I must confess that I have owned C.S. Lewis' The Screwtape Letters for a few years now and have tried to read it but could not. The same happened with Mere Christianity. I don't know why it is difficult for me to get into those books, so it was good for me to be assigned a letter from The Screwtape Letters. Maybe I just needed some motivation.
This letter is about "Uncle Screwtape" writing to his "dear Wormwood" about how to lure his Christian "patient" into rejecting Christianity. Basically, this is a fictional story in which these guys are employed by the devil to turn people away from God. Obviously, this strategy is effective because it encourages a Christian to get a glimpse of the "other side." As Beth Moore said once, there are two problems with Christian approaches to Satan: 1. The demonic world is not addressed, and 2. It is addressed way too much. I am not an expert on Christianity during the time when C.S. Lewis wrote, but I have a hunch that The Screwtape Letters was innovative for its time. I grew up in an Episcopal church, and C.S. Lewis was Anglican, so if that upbringing was anything like mine, the devil was completely ignored. Probably people were shocked when this book came out. I have been to churches that both overemphasize and underemphasize Satan, and I can attest to the danger of both extremes. The Screwtape Letters is a valuable resource for Christians who might be skeptical about the devil (French poet Baudelaire apparently said according to http://www.espacepat.org/quotations/2-quotations-501534.html that, "The greatest trick the devil ever pulled was convincing the world he doesn’t exist"). At the same time, Christians shouldn't talk ONLY about the devil and his schemes because that gives Satan too much glory.
The letter we read is about lukewarm Christianity. Screwtape and Wormwood want to know, "How can we turn a devout Christian away from God?" They decide to tempt the Christian with making different choices, having different habits, and accumulating small sins all of which amount to a spiritual "snowball effect." As Screwtape writes at the end of the letter, "But do remember, the only thing that matters is the extent to which you separate the man from the enemy. It does not matter how small the sins are provided that their cumulative effective is to edge the man away from the Light and out into the Nothing... Indeed the safest road to Hell is the gradual one." So true.
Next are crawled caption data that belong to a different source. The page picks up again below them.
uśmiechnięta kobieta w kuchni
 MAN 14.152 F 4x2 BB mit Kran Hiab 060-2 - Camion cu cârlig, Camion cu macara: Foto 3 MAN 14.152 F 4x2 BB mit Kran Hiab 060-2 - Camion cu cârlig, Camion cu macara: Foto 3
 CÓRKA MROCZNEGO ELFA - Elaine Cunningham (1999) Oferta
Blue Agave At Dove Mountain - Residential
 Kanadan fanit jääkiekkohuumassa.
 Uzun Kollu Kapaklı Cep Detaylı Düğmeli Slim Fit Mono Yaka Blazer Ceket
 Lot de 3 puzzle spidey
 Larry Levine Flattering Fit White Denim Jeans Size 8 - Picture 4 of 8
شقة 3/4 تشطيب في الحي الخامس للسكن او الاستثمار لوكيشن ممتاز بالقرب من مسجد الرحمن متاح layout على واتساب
"Lukewarm behavior" comes from Revelation 3:15-16- "So, because you are lukewar-- neither hot nor cold-- I am about to spit you out of my mouth." Lukewarm Christianity is quite familiar to me as I grew up in a post-Christian suburb. I might argue that it's one of the biggest problems in Christianity today. I would like to address two aspects of "lukewarm Christianity" because people are raised in different ways and have different religious experiences. The question of "How does a devout Christian fall away from God?" is a loaded one.
1. I grew up in a "lukewarm Christian" atmosphere, but it wasn't as if people had fallen away from faith. They had never really been passionate about their faith in the first place. My peers usually went to church... until confirmation, when their parents didn't make them go anymore. My own brother went to church for 18 years and started at the University of Michigan this fall and refuses to go to church or even talk about Christianity. I guess these Christians might also be called "nominal Christians" or "deists," but I think the "lukewarm Christian" model applies here still. So many people I know believe that Jesus is the son of God, etc. but that's it for them. Faith is not dynamic; they have no relationship with God. When I was in Europe, I went to HUGE cathedrals with almost no one in them. It breaks my heart. Christianity has become "cultural" in so many parts of the world and many have substituted a vibrant, rich faith life for a stale one hour on Sunday, if that. Lewis doesn't really address this in the letter we read, but I still think the devil is working there.
2. The other kind of "lukewarm" is what is more familiar to Grand Rapids (it was totally foreign to me before I first came here). There are statistics that claim that many young Christians fall away from their faith, and it is a huge concern. It's raising huge alarms in the church. How could active youth-group participants and dedicated church-goers just fall away from their faith later on? What might possess that to happen? Right now the "College Transition Project" through Fuller Seminary's Youth Institute is striving to answer that question. But before this project, Lewis addressed this issue in letter XII of The Screwtape Letters.
I grew up knowing no real "passionate" Christians, so the thought of passionate Christians falling away just made no sense to me until high school. I still don't have very much insight into this topic, but from what I gather, Lewis' analysis is astute. It is the little things that matter, the little, everyday habits and choices that accumulate. The main warning I get out of this is BEWARE of the devil's schemes and always be on guard!!!! It is never safe to just "chill" at a certain point spiritually and not devote much effort to improving because that is a potential spot of weakness. I see a parallel between falling away from Christianity and addictions. Let's say you are an alcoholic. If you make one bad decision and drink again, it is so easy to just pick up that bottle one more time. And once you do it once, you feel this momentary rush and the urges get stronger and more frequent. Pretty soon, you've relapsed. I would argue that sin is an addiction. Each little sin "just one sip" just whets our appetite for MORE. Therefore, I would advise Christians to never settle or compromise because it is in all these little decisions that the battle is made.